## What the task requires
Go to the line with "widok na Jezioro Manyara" in the material below and copy from there through the line with "Raccoon Smiling, Raccoon", exactly. Pictures are not copied.

## Extracted entries
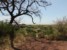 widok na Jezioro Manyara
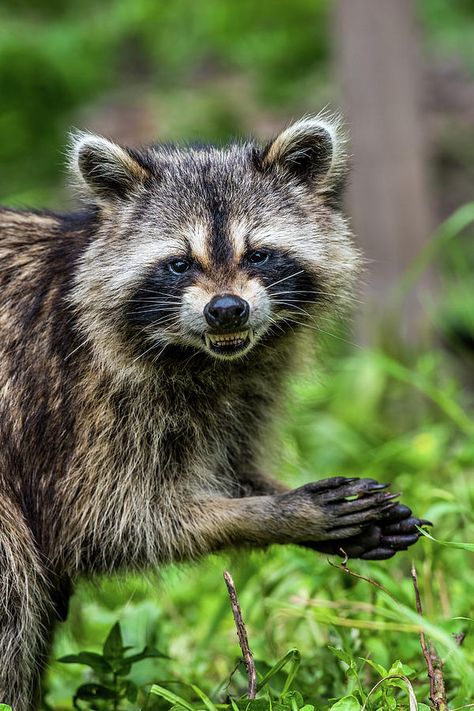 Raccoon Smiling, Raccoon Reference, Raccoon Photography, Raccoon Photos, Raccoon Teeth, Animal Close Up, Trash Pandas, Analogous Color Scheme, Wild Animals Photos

* * *

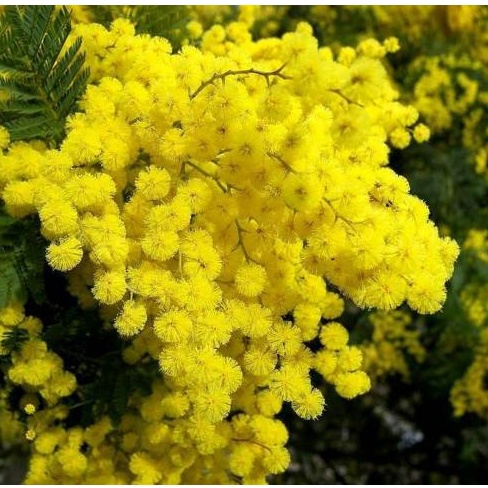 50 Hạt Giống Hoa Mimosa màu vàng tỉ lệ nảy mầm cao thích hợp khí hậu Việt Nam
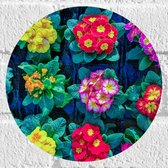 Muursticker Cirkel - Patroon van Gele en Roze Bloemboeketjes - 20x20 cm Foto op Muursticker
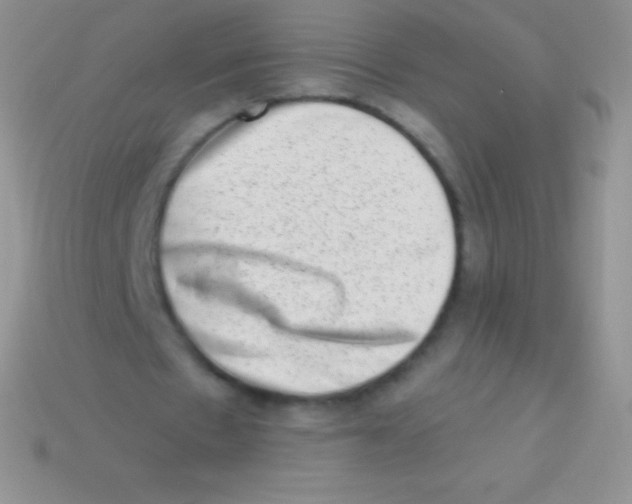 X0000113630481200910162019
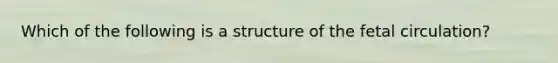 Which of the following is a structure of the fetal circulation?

==

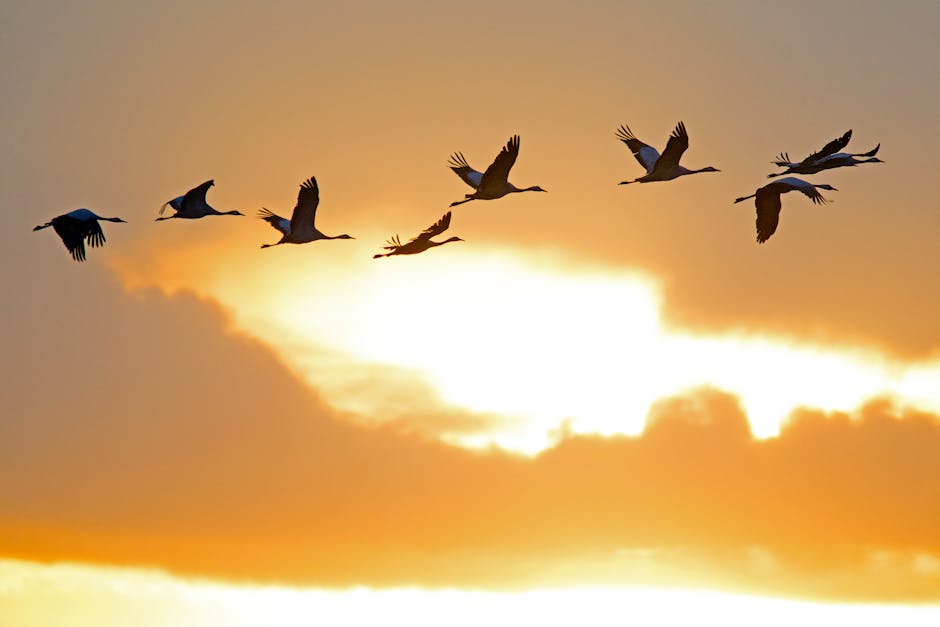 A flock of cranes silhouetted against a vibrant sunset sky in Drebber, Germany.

## Problem solution
 widok na Jezioro Manyara
 Raccoon Smiling, Raccoon Reference, Raccoon Photography, Raccoon Photos, Raccoon Teeth, Animal Close Up, Trash Pandas, Analogous Color Scheme, Wild Animals Photos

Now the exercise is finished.